Open mitchellmanware opened 1 month ago

mitchellmanware commented 1 month ago

Now that the pipeline is successfully running through the container, we should do a more detailed review of how crew_controller_local controls the cpu and memory distribution to each working target.

Before containerization, the crew_controller_slurm improved performance drastically due to cpu/memory declaration per controller and therefore balanced workers well.

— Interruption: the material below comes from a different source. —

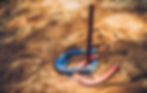 Horseshoes!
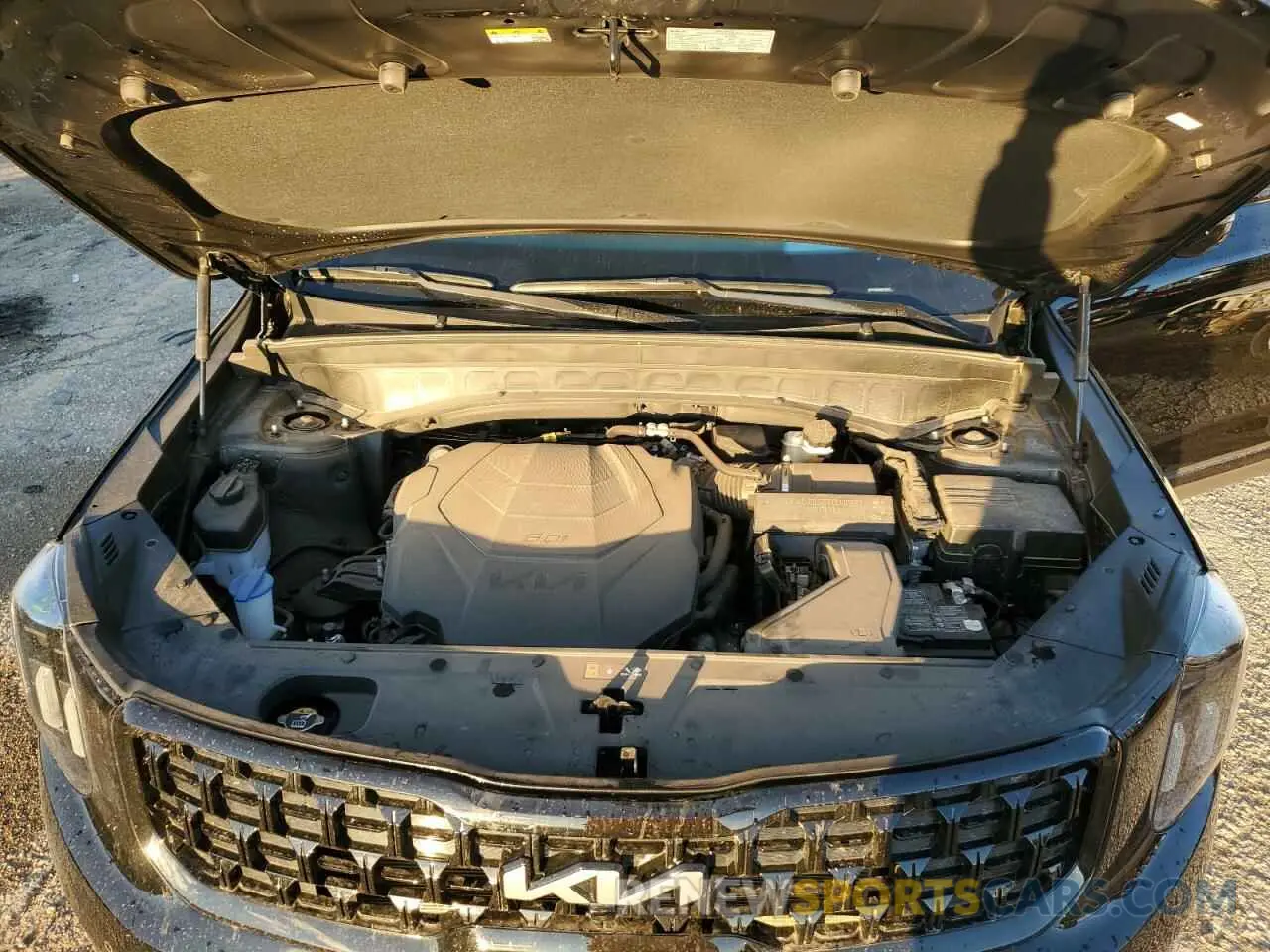 12 Photograph of a damaged car 5XYP5DGC6RG478325 KIA TELLURIDE 2024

Previous controller settings:

default_controller <- crew.cluster::crew_controller_slurm(
  name = "default_controller",
  workers = 4,
  seconds_idle = 30,
  slurm_partition = "geo",
  slurm_memory_gigabytes_per_cpu = 4,
  slurm_cpus_per_task = 2,
  script_lines = script_lines
)
calc_controller <- crew.cluster::crew_controller_slurm(
  name = "calc_controller",
  workers = 32,
  seconds_idle = 30,
  slurm_partition = "geo",
  slurm_memory_gigabytes_per_cpu = 8,
  slurm_cpus_per_task = 2,
  script_lines = script_lines
)
nasa_controller <- crew.cluster::crew_controller_slurm(
  name = "nasa_controller",
  workers = 16,
  seconds_idle = 30,
  slurm_partition = "geo",
  slurm_memory_gigabytes_per_cpu = 4,
  slurm_cpus_per_task = 8,
  script_lines = script_lines
)
highmem_controller <- crew.cluster::crew_controller_slurm(
  name = "highmem_controller",
  workers = 1,
  seconds_idle = 30,
  slurm_partition = "highmem",
  slurm_memory_gigabytes_per_cpu = 64,
  slurm_cpus_per_task = 2,
  script_lines = script_lines,
  launch_max = 10
)

Goal is to replicate these types of settings and performance gains via crew_controller_local

mitchellmanware commented 1 month ago

We should also further explore the interaction between future and crew within the containerized environment

sigmafelix commented 3 days ago

@mitchellmanware future and crew (mirai backend, actually) do not seem to work well as mirai daemons do not allow nested parallelism. I think we could divide each target as small as possible such that each target is built fairly quickly. A potential impact of this approach to performance might be a large list and its subsequent impact on merging into a large data.frame (or data.table) object.

mitchellmanware commented 2 days ago

@sigmafelix We have started to implement something similar, breaking the temporal period down into 10/25/50 day chunks (optimal is still TBD) so that each worker runs quickly. This dynamic branching over smaller temporal chunks has shown benefits - an example is calculating NARR covariate for full temporal range and full AQS locations in ~5 minutes.

By using crew local controller it is still unclear if we can indicate a specific amount of memory to a single target. If we can, this should clear issues associated with merging large list into data.fram.